=== Available data ===

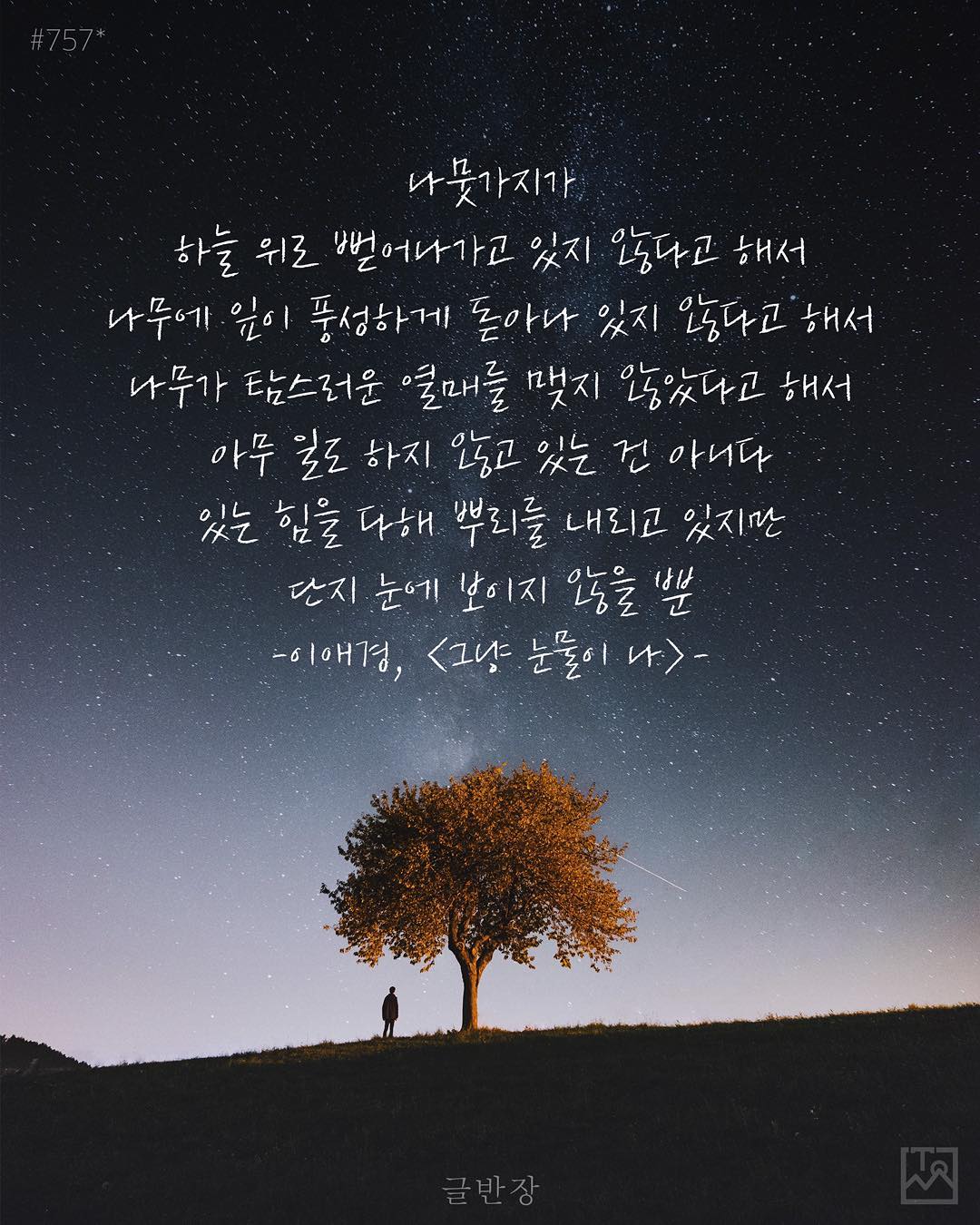 단지 눈에 보이지 않을 뿐 - 이애경, <그냥 눈물이 나>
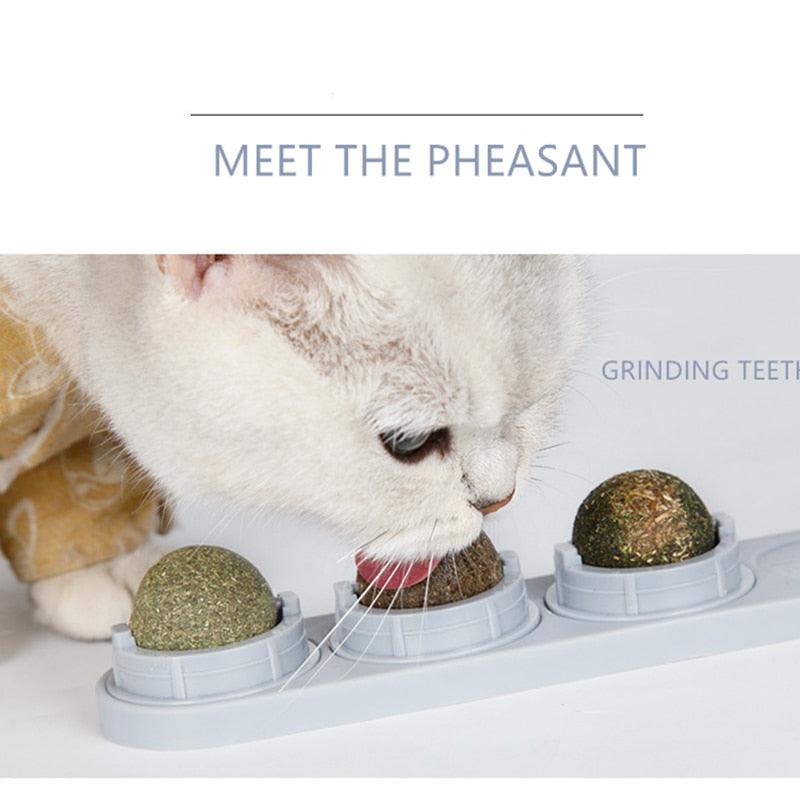 Natural Catnip Kit - Trendha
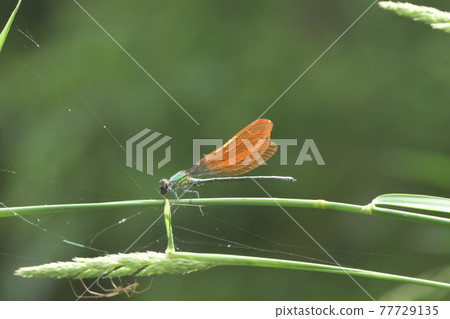 Kawatonbo Kamakura Taimine Ryokuchi 77729135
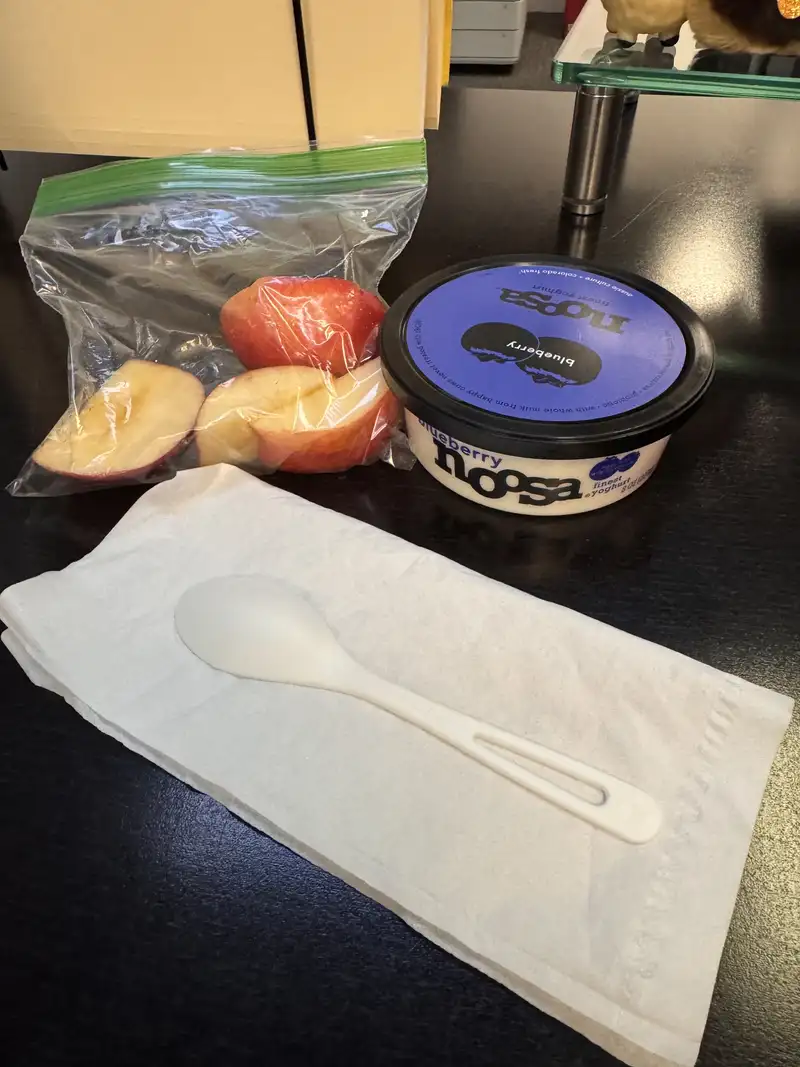 Healthy Blueberry Yogurt Recipe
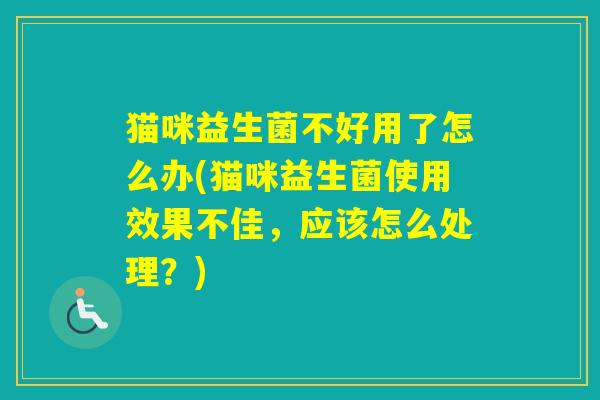猫咪益生菌不好用了怎么办(猫咪益生菌使用效果不佳，应该怎么处理？)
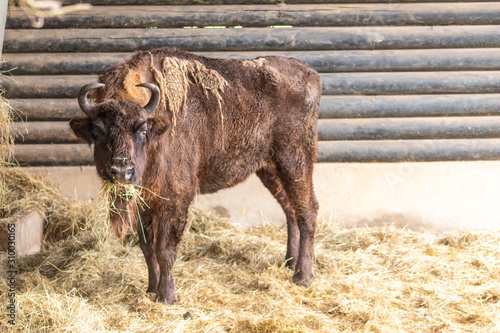 Majestätischer Wisent, Bison oder Büffel als bedrohte Tierart aus der Eiszeit zeigt Stärke und Größe mit Hörnern und dichtem Winterfell perfekt für kalte Winter gerüstet photo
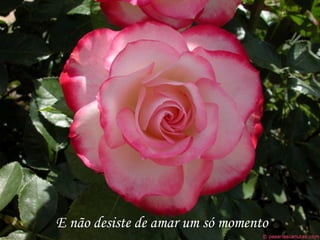 E não desiste de amar um só momento
 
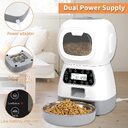 Smart APP Pet Feeder Cat And Dog Food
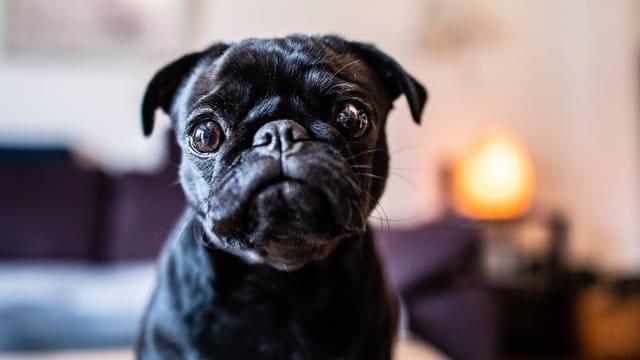 Die Mops-Hündin "Edda" beschäftigt jetzt auch das Landgericht Münster.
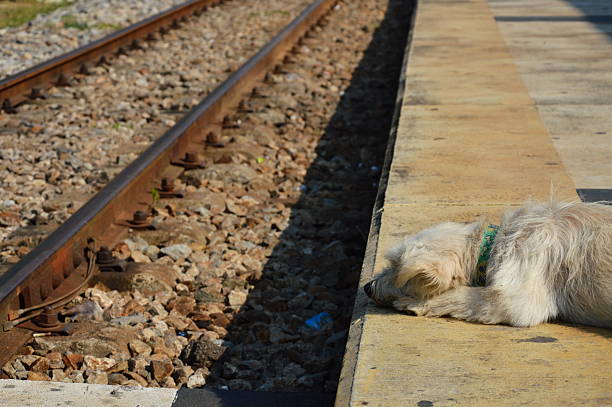 istock dog at the railway 469915248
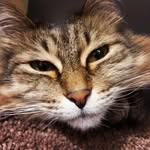 Paige Price - @paige_fastpitch07 - Instagram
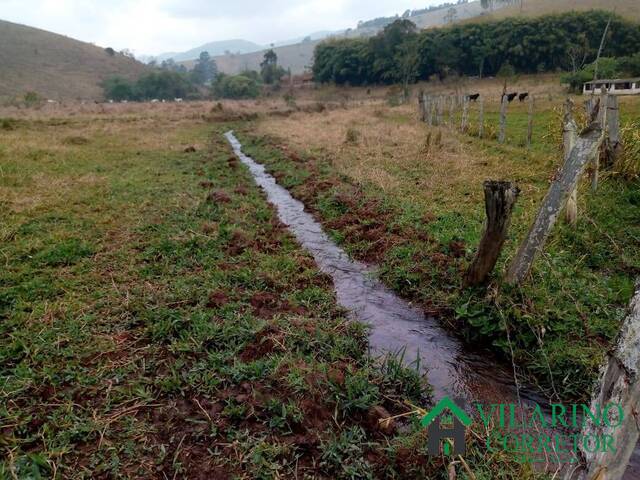 #3160 - Fazenda para Venda em Cambuí - MG - 1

===

- Exercise prompt -
Output every entry verbatim but skip the pictures.

- Solution to this problem -
 단지 눈에 보이지 않을 뿐 - 이애경, <그냥 눈물이 나>
 Natural Catnip Kit - Trendha
 Kawatonbo Kamakura Taimine Ryokuchi 77729135
 Healthy Blueberry Yogurt Recipe
猫咪益生菌不好用了怎么办(猫咪益生菌使用效果不佳，应该怎么处理？)
 Majestätischer Wisent, Bison oder Büffel als bedrohte Tierart aus der Eiszeit zeigt Stärke und Größe mit Hörnern und dichtem Winterfell perfekt für kalte Winter gerüstet photo
 E não desiste de amar um só momento
 
 Smart APP Pet Feeder Cat And Dog Food
 Die Mops-Hündin "Edda" beschäftigt jetzt auch das Landgericht Münster.
 istock dog at the railway 469915248
 Paige Price - @paige_fastpitch07 - Instagram
 #3160 - Fazenda para Venda em Cambuí - MG - 1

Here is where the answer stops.